El pasado lunes, mientras la Plaza Peral acogía un minuto de
silencio en memoria de Adolfo Suárez, pensaba en las vicisitudes por las que
atravesó su trayectoria política y en la tragedia que acabaría rodeando a su
ámbito personal. Pensaba que Suárez se ha alzado como el mejor presidente de la
democracia, entre otras cosas porque, de no haberlo sido, los demás mandatarios
que ahora conocemos quizá no hubiesen accedido al cargo. Mis pensamientos
concluían que realizó la tarea más compleja, la de crear una estructura
democrática en un país acosado por una permanente amenaza golpista, y que en ese
empeño, que obligaba a decisiones difíciles pero necesarias, fue desgastando su
figura, circunstancia acrecentada por las traiciones de algunos
correligionarios, un grupo heterogéneo que se creyó llamado a mejores empresas
pero cuya hoja de servicios se limitaría a libar de las calientes ubres de AP
(PP más tarde) y PSOE.
Sentado en el escaño mientras Tejero y los suyos ametrallaban
el techo del Congreso, cuyas esquirlas caían sobre las espaldas de los
guarecidos diputados, Suárez y su ministro Gutiérrez Mellado ofrecieron una
muestra de valor que hasta estos días, fallecido ya Suárez, no se ha subrayado
lo suficiente y que por sí sola justificaría un respeto especial.

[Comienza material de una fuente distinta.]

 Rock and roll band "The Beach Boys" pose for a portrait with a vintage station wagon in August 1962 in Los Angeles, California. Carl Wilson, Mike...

Con todo, mi reflexión principal mientras observaba el suave
ondear de las banderas a media asta era constatar esa ingratitud desidiosa que
acostumbra a caracterizar al pueblo español, que parece requerir la muerte como
requisito previo al despliegue sin complejos de su reconocimiento a quienes lo hubieran
merecido antes de marcharse de este mundo (en las colas ante el féretro de
Suárez, en las loas vertidas en los medios de comunicación, parecía latir una
especie de arrepentimiento colectivo).
Siempre lamentaré, como periodista, no haber vivido en
primera línea aquellos años en los que se forjaba la democracia, en los que,
sin nadie apercibirse entonces, comenzaba a nacer la leyenda del hombre cuyo epitafio
(“La concordia fue posible”) refleja como pocos la virtud del lenguaje para
hacer belleza de la verdad, para hacer justicia del recuerdo.